= Joseph Gurney =

British biblical scholar

Joseph Gurney (15 October 1804 – 12 August 1879), was a British shorthand writer and biblical scholar, notable for his publications and work with the Religious Tract Society.

==Life==
Gurney was the eldest son of shorthand writer William Brodie Gurney, and he was born in London on 15 October 1804. His grandfather and great grandfather had also been shorthand writers.

He first attended an important committee of the House of Commons in 1822, and continued to take notes till 1872. On his father's resignation in 1849, he was appointed shorthand writer to the Houses of Parliament. Like his father, he was interested in religious and philanthropic movements. He was for more than fifty years a member of the committee of the Religious Tract Society, and latterly its treasurer.
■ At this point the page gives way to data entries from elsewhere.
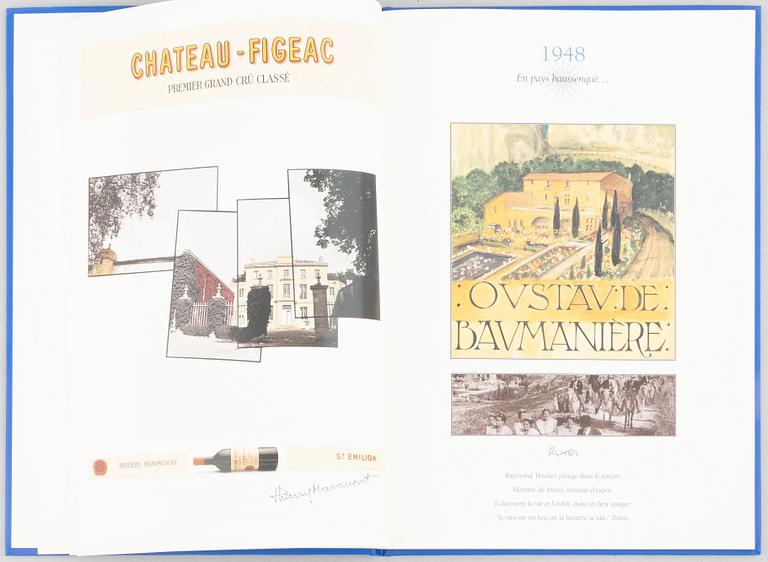 Books and menus of French gastronomy.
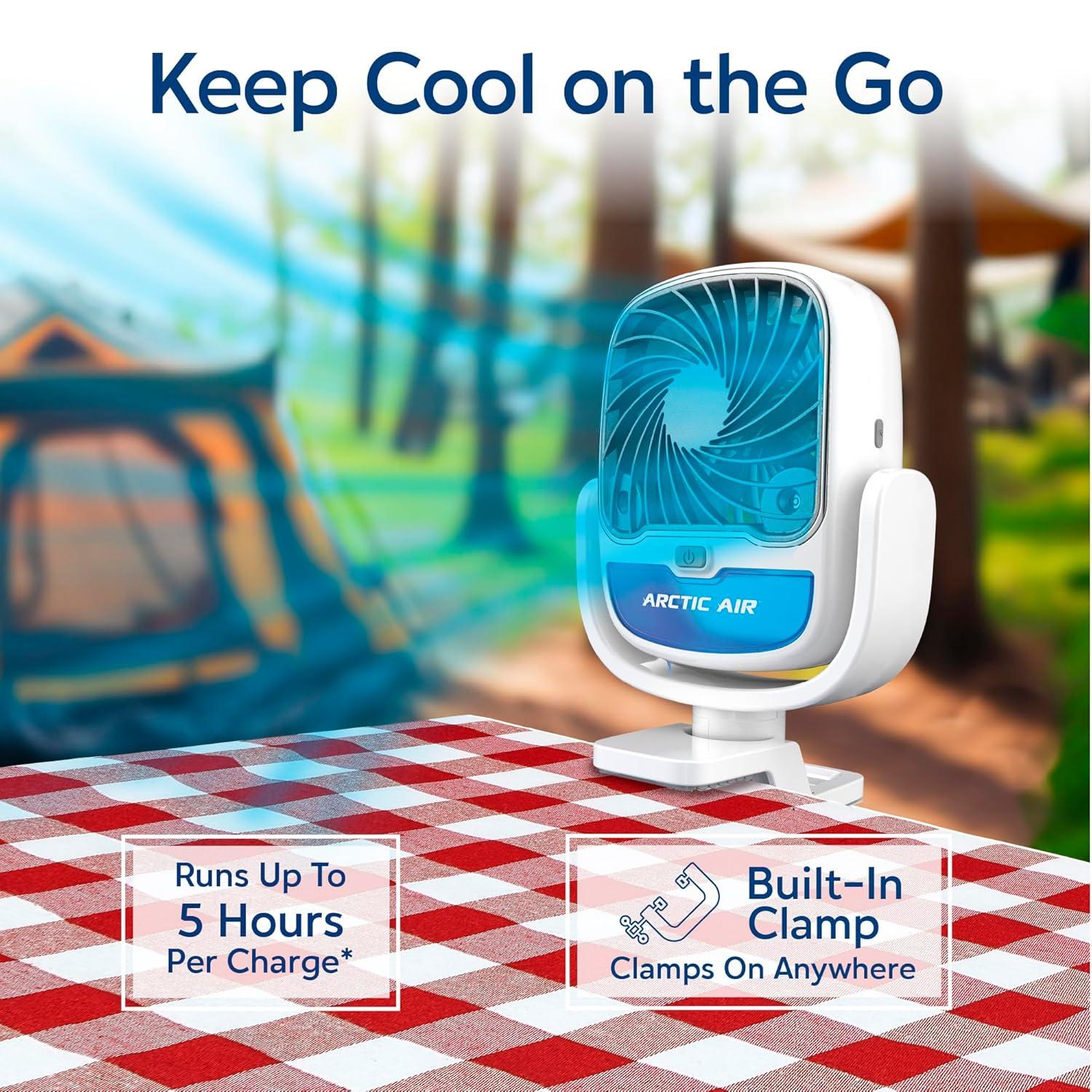 Arctic Air Grip Go Portable Evaporative Air Cooler, Rechargeable Cooling Fan, Clamp-on Space Cooler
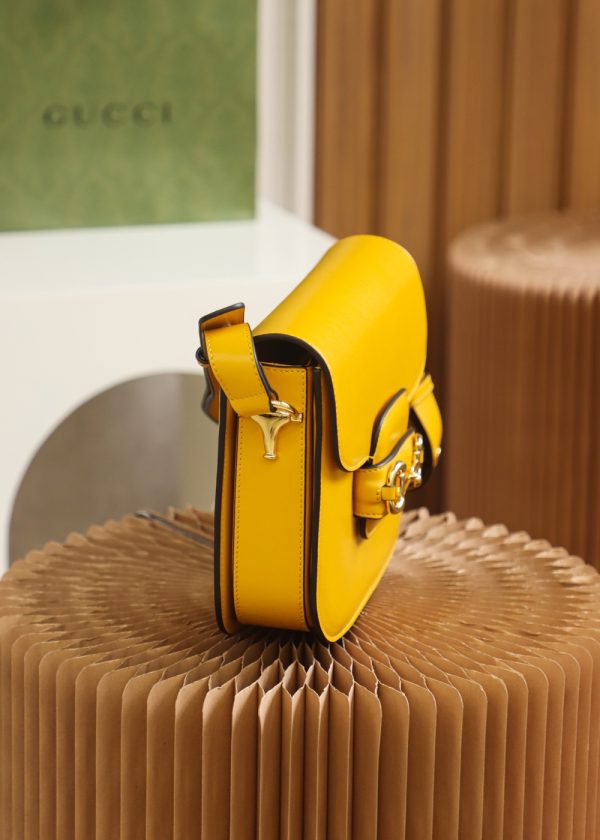 Gucci Horsebit 1955 Shoulder Bag - Yellow Leather Replica - Image 8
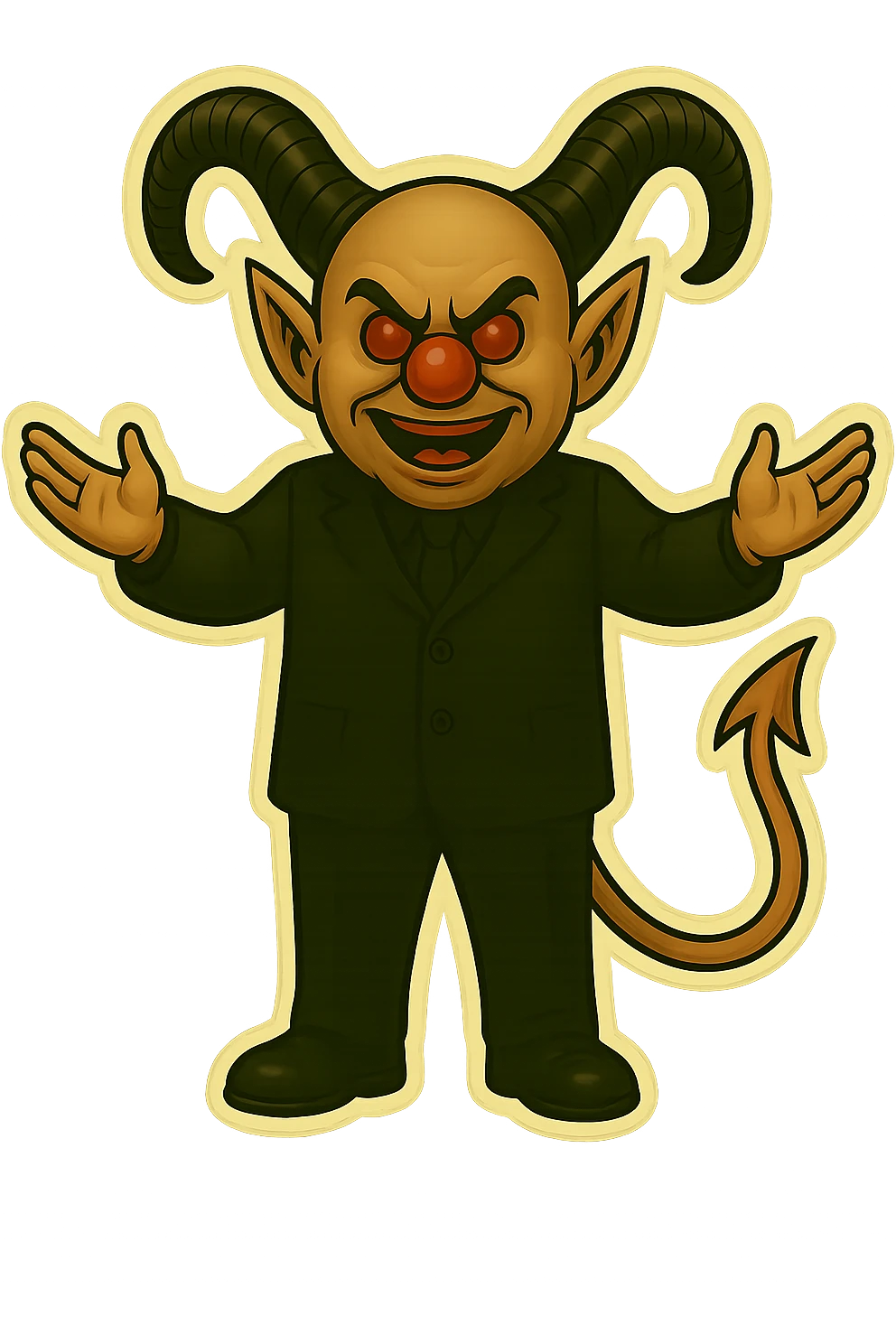 Evil clown wizard in retro sticker style, transparent background, arms outstretched as if welcoming, wearing an all black suit, no pentagrams. Use the reference images for face, horns, and tail. emoji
He was also treasurer of the Baptist college in Regent's Park.

On Gurney's retirement as shorthand writer to the houses of parliament in 1872, the post was given to his nephew William Henry Gurney Salter. Gurney died at Tyndale Lodge, Wimbledon Common, on 12 August 1879, and was interred at the Norwood Cemetery.

==Works==
Gurney brought out popular commentaries on the Bible. The best known of these was The Annotated Paragraph Bible, containing the Old and New Testaments according to the authorised version, with explanatory Notes, Prefaces to the several Books, and an entirely new selection of references to parallel and illustrative Passages, two vols., London, 1850–60, published by the Religious Tract Society. It was successful, and widely praised. The notes were prepared under Gurney's supervision.

Besides other bibles, Gurney published also The Revised English Bible, London, 1877, closely resembling the Revised Version (1885). The profits of his literary works he gave to the Religious Tract Society.

==Family==
Gurney married first Emma, daughter of E. Rawlings, and they had three children, William, Amelia and the educationalist Mary Gurney. Emma died and he had more children with his second wife Harriet Tritton of Lombard Street.